*WORK TASK*
Please restate the records below word for word, leaving out every picture.

*Pictures with short captions*
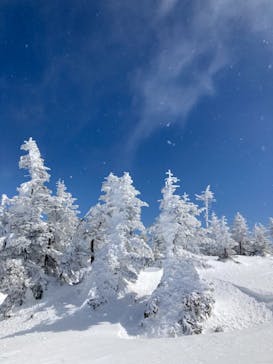 志賀高原マウンテンリゾートに投稿された画像（2021/2/27）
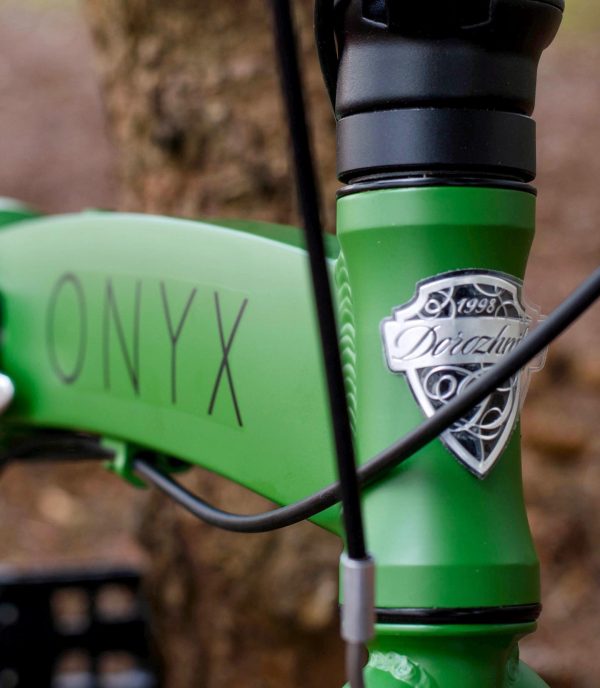 Onyx-dorozhnik-458721526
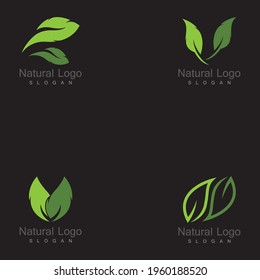 Set of  Leaf icon Vector Illustration design Logo template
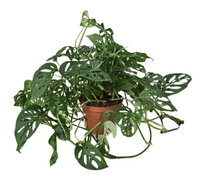 Trailing monstera plant, Amazon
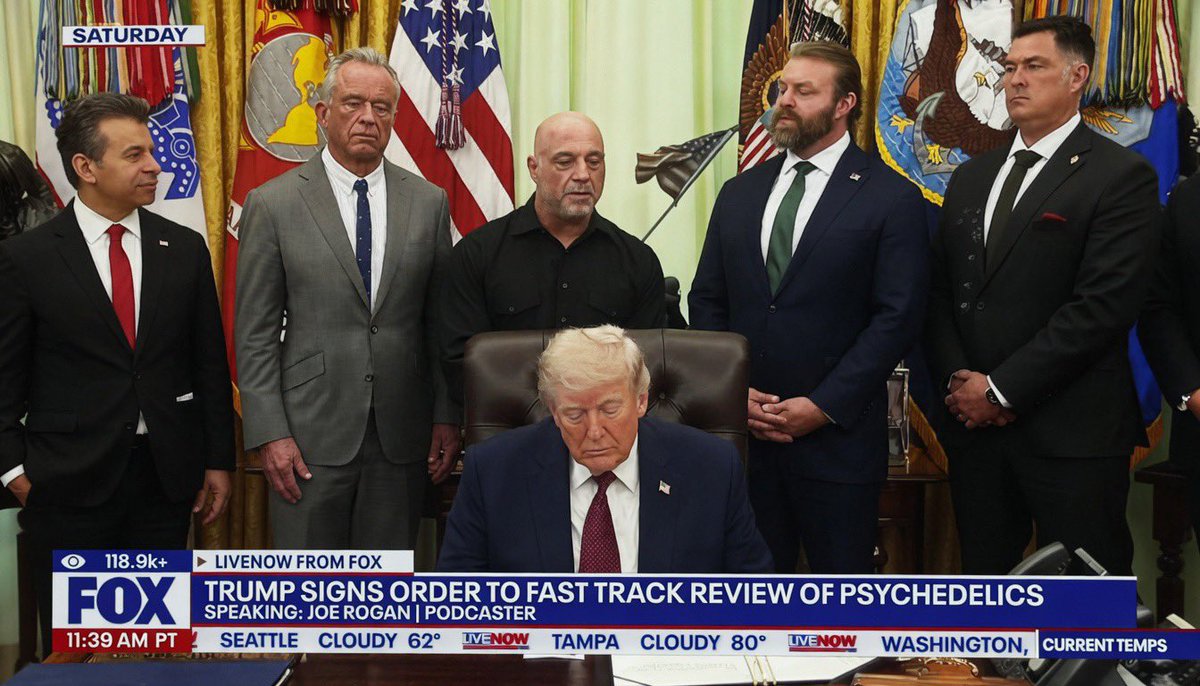 ✵ ʍɨƈӄɛYɨŘ ɨ Ⓢɦ✵ tweet media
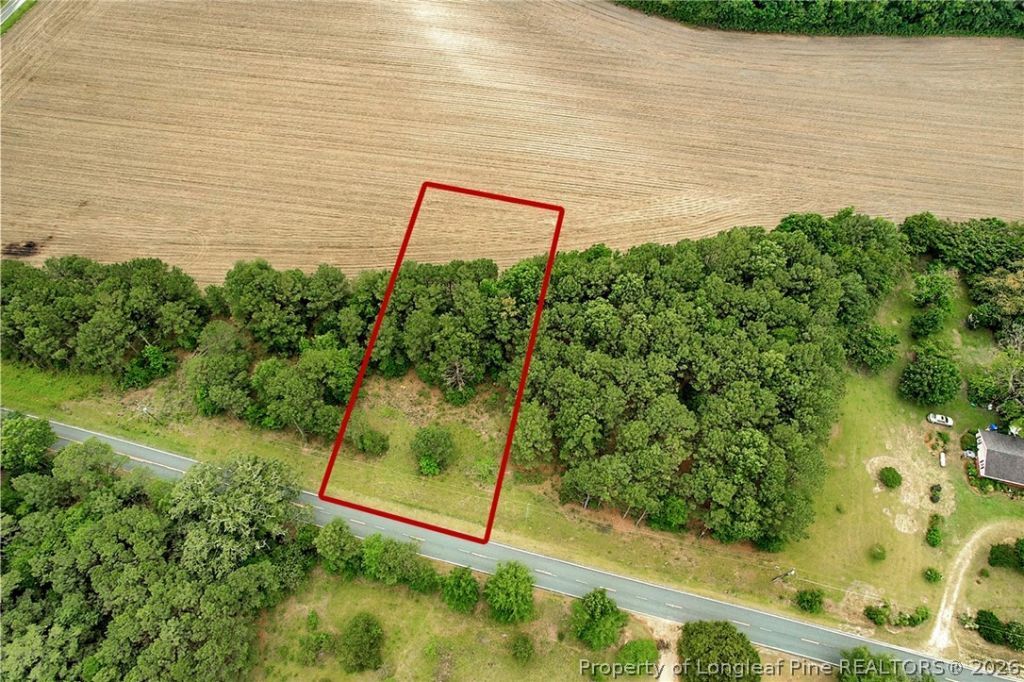 Tbd Quick Road, Lumber Bridge, NC 28357 Main Photo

*WRITTEN ANSWER*
 志賀高原マウンテンリゾートに投稿された画像（2021/2/27）
 Onyx-dorozhnik-458721526
 Set of  Leaf icon Vector Illustration design Logo template
 Trailing monstera plant, Amazon
 ✵ ʍɨƈӄɛYɨŘ ɨ Ⓢɦ✵ tweet media
 Tbd Quick Road, Lumber Bridge, NC 28357 Main Photo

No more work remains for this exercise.